*Task description*:
Repeat, word for word, every line from the line holding "Funny Dumpster on" through the final line of the entries below. Skip all pictures.

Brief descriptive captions
▼▼▼
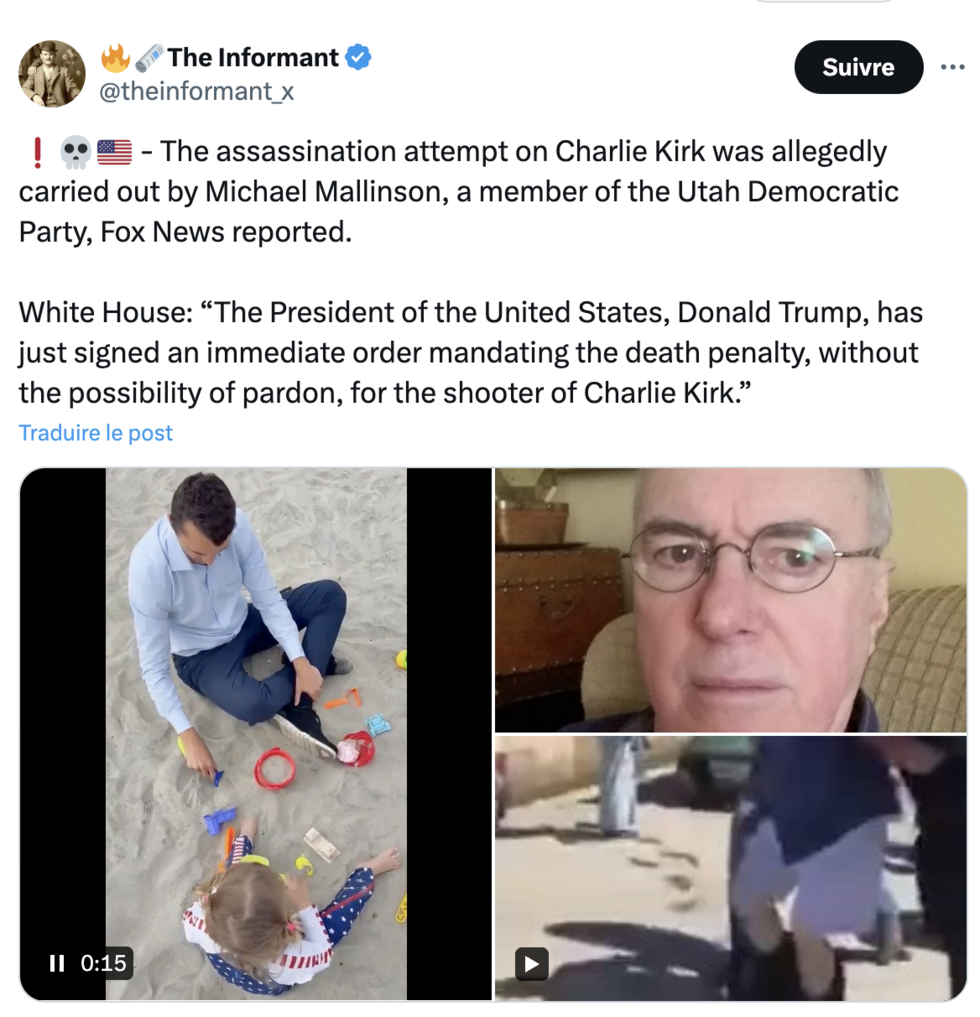 This X post published on September 10, 2025 claims that “the assassination attempt on Charlie Kirk was allegedly carried out by Michael Mallinson, a member of the Utah Democratic Party.” The post was published before news came that Kirk had died of his injuries.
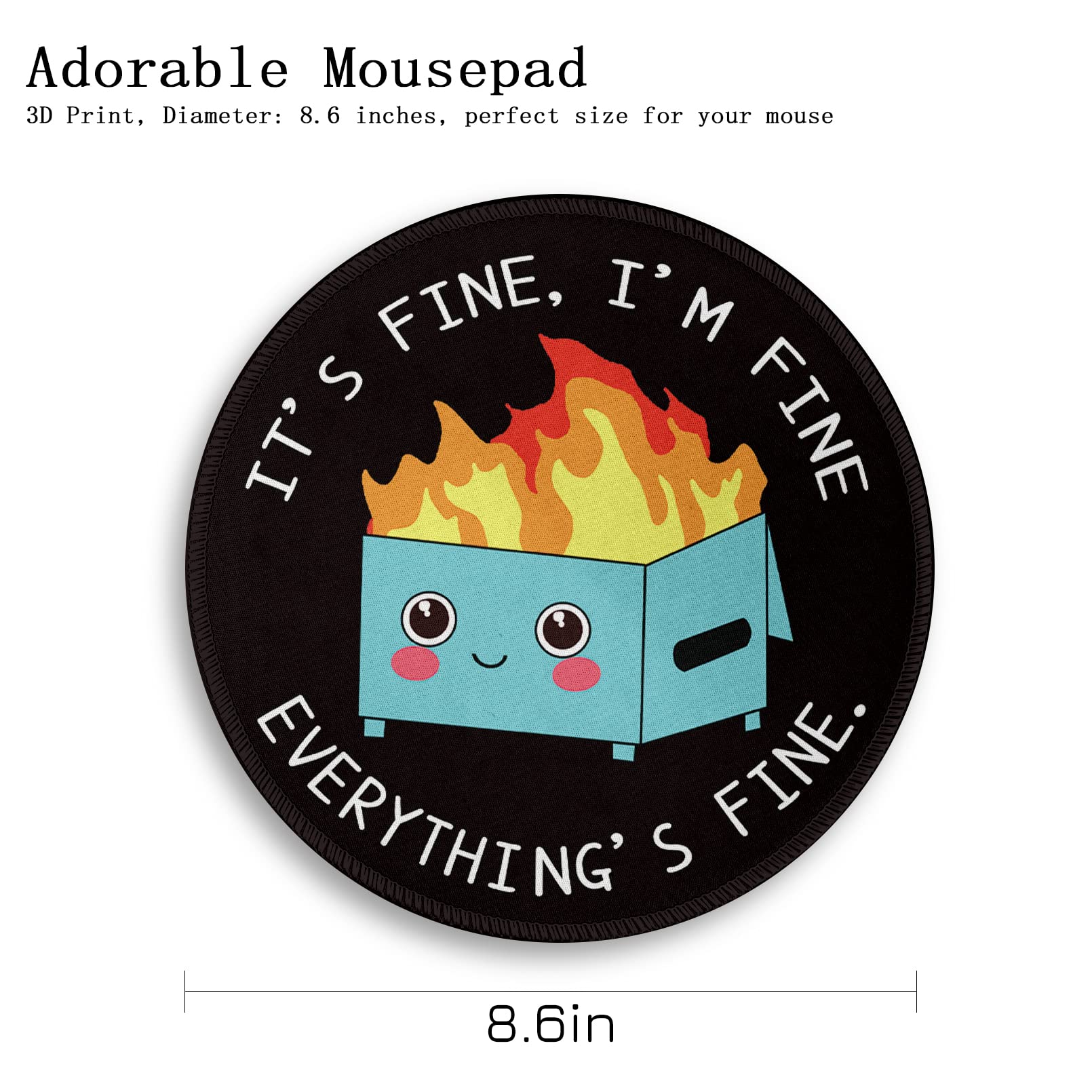 Funny Dumpster on Fire Round Mouse Pad 8.6 x 8.6 Inch - Non-Slip Rubber Base with Stitched Edge for Gaming & Office Use - Cute Desk Accessory for Home & Work - Perfect for Stress Relief & Humor in Daily Life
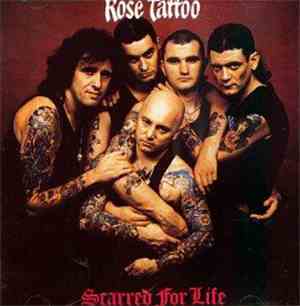 Rose Tattoo - Scarred For Life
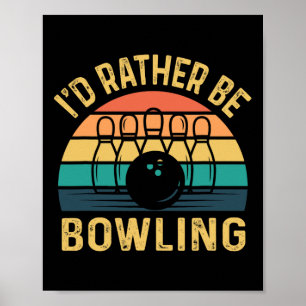Ik zou liever bowling retro voor Man 1 Poster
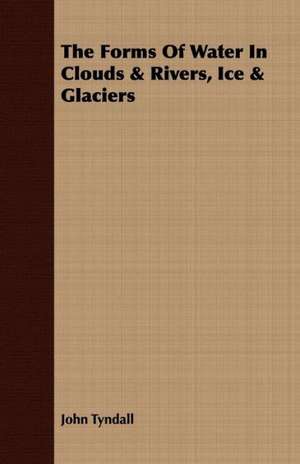 The Forms of Water in Clouds & Rivers, Ice & Glaciers de John Tyndall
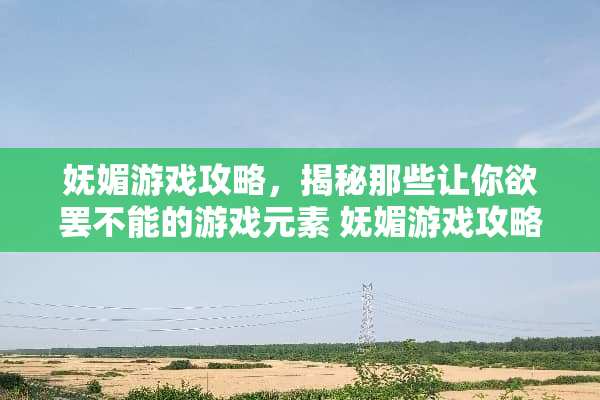 妩媚游戏攻略，揭秘那些让你欲罢不能的游戏元素 妩媚游戏攻略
▲▲▲
*Reply*:
 Funny Dumpster on Fire Round Mouse Pad 8.6 x 8.6 Inch - Non-Slip Rubber Base with Stitched Edge for Gaming & Office Use - Cute Desk Accessory for Home & Work - Perfect for Stress Relief & Humor in Daily Life
 Rose Tattoo - Scarred For Life
Ik zou liever bowling retro voor Man 1 Poster
 The Forms of Water in Clouds & Rivers, Ice & Glaciers de John Tyndall
 妩媚游戏攻略，揭秘那些让你欲罢不能的游戏元素 妩媚游戏攻略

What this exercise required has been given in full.